Um grande momento. Meu herói de geração foi Caetano Veloso. Me identificava com
suas ações, cabelo grande, roupas coloridas e influencias musicais. Mas, sem
dúvida, Gil, além de ser ótimo, com uma voz maleável e perfeita, violão
certeiro, letras e músicas, foi mais atuante, sem dúvida. Mesmo nos primeiros
discos, antes da Tropicália, era Gil que arrebentava com “Roda”, que dizia “não
é obrigado a me ouvir, quem não quiser escutar”. Assumia posições. “Domingo no
Parque” era super incisiva, misturando guitarras, orquestrações sensacionais de
Rogério Duprat e viola. E no disco seguinte, havia “Coragem pra suportar” e,
principalmente, “Marginália 2”, esta, um primor de colagem, frases
emblemáticas, melodia e arranjo. No disco do movimento, lá estava Gil em
“Geléia Geral”, o grande hino. No movimento da “abertura política”, gravou a
versão de “No Woman no Cry”, cantada por todos. Eu me lembro de alguns shows
aqui em Belém. Lembro do “Momento 68”, maravilhoso happening, no Teatro da Paz,
misturando moda, teatro e música, patrocinado pela indústria Rhodia. Em outro
momento, bem ensaiado, Gil coçava a cabeça, ensejando algum comentário racista,
como se um macaco. Bingo, alguém se manifestava e ele abria o discurso,
pertinente toda a vida. Mas, tenho certeza, a delícia de Gil é cantar. Sua voz
se moldando a qualquer tipo de ritmo e harmonia. Alongava-se em improvisos.

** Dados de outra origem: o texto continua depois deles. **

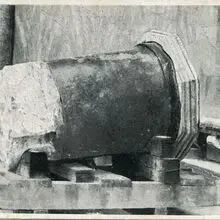 Foto cover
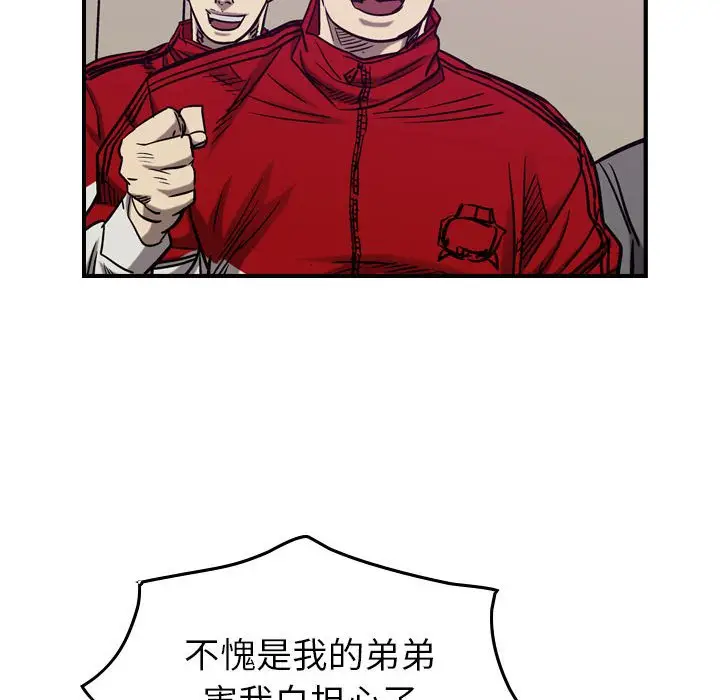 统帅：前传[顶通]韩漫全集-第 82 话无删减无遮挡章节图片 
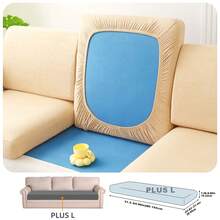 1 件简约纯色牛奶丝弹力沙发座套，适合所有季节 - 米色 - 查看 15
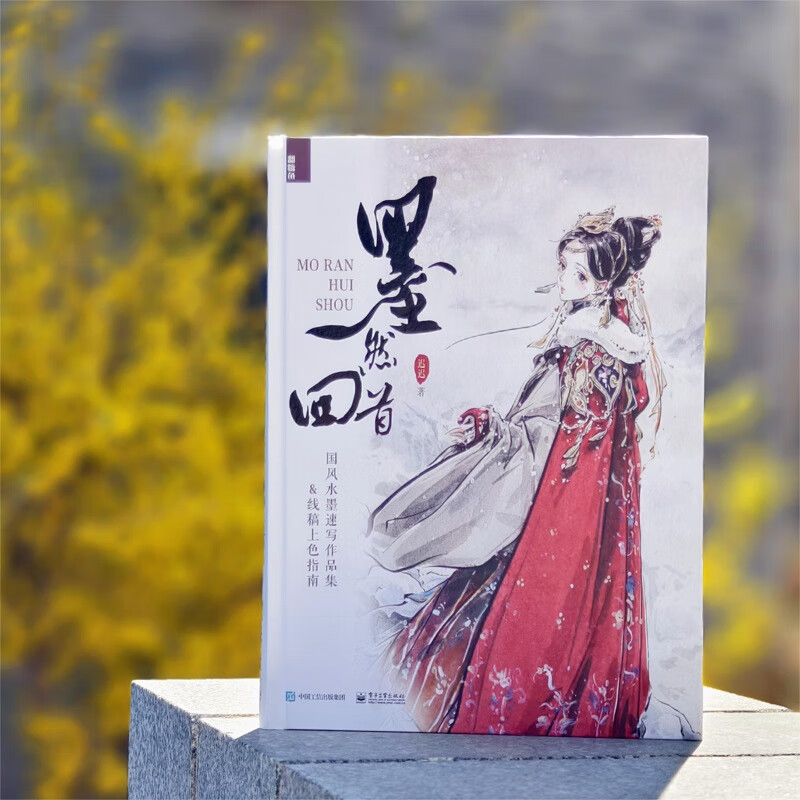 Mo Ran looks back, Chinese style ink sketch collection & line drawing coloring guide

Chamava a platéia a participar. Agora estão festejando 40 anos de “Refavela”
onde mergulhou ainda mais na cultura negra, provocado por uma viagem à Angola.

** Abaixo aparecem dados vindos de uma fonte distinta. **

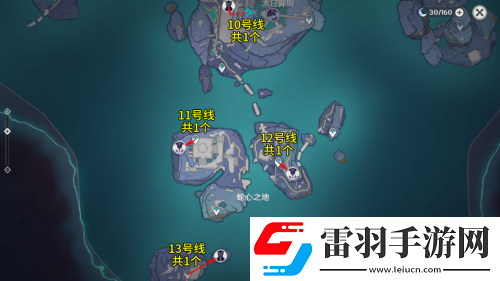 原神黯色空壳刷新位置一览原神黯色空壳刷新时间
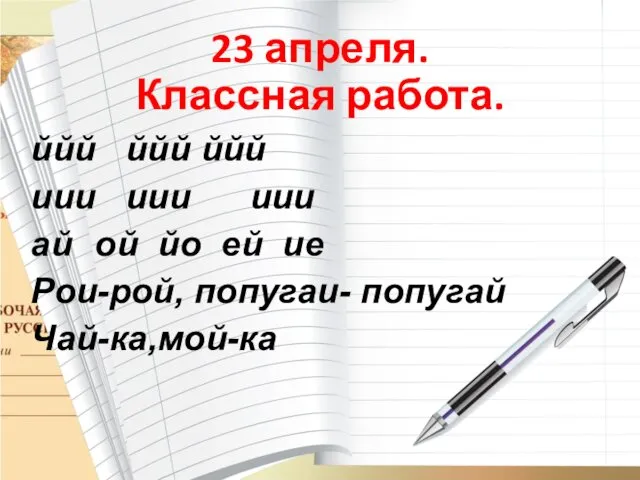 23 апреля. Классная работа. ййй ййй ййй иии иии иии ай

E depois veio “Refazenda”, que reputo, um de seus melhores momentos. Foi antes
ou depois dos “Doces Bárbaros”? E a prisão por porte de maconha? Ele se
mostrou, se apresentou, desafiou com argumentos, antenado com a mudança dos
costumes. Ali nos anos 80, voltou à guitarra, ao bandleader e houve “Palco”,
“Realce”, “Toda Menina Baiana”, e várias outras. E adiante, “Nos Barracos da
Cidade”, “O Eterno Deus Mudança”, “Extra”, sempre à frente de tudo, botando a
cara pra bater. Chegou a internet e ele fez o “Parabolicamará”. A experiência
política, veio junto com problemas na garganta. Adiante, nos rins. No começo do
ano que vem, mostra disco novo. De verdade, e talvez seja absurdo cobrar tanto,
caiu um tanto a potencia de sua produção musical. Exigentes, cruéis, ouvimos seus
novos trabalhos querendo a genialidade de sempre. Nos decepcionamos com a voz
rouca, sem grande alcance, não mais as evoluções vocais deslumbrantes, o grande
e orgulhoso vocalmente Gilberto Passos Gil Moreira. Seu par, Caetano, apesar de
manter a performance vocal excelente, também caiu em sua produção autoral.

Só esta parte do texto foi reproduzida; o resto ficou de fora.